▶ _YOUR ASSIGNMENT_
Return all of the data exactly, with nothing left out but the pictures.

:: DATA EXTRACT ::

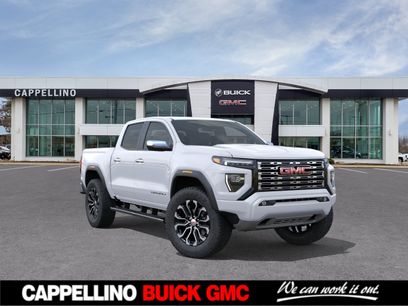 New 2026 GMC Canyon Denali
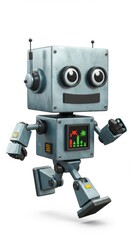 cute robot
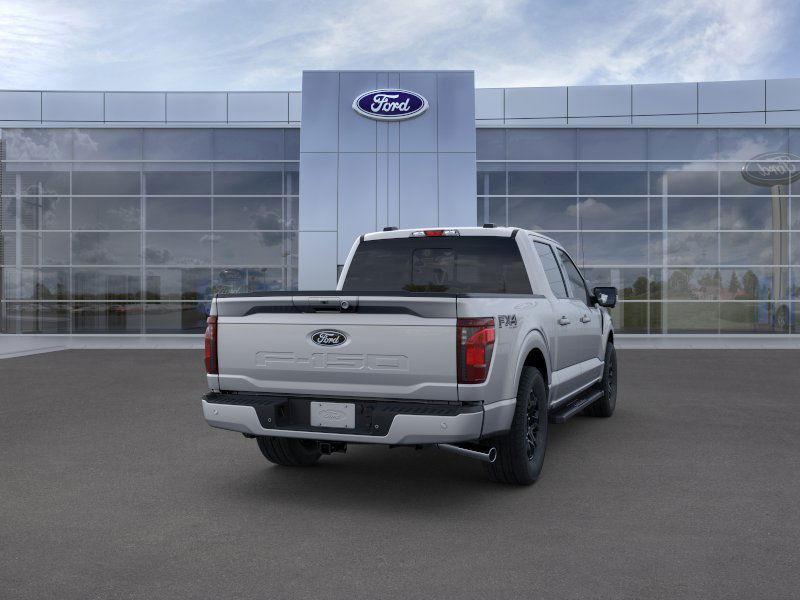 new 2024 Ford F-150 car, priced at $62,165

:::

▶ _TASK SOLUTION_
 New 2026 GMC Canyon Denali
 cute robot
 new 2024 Ford F-150 car, priced at $62,165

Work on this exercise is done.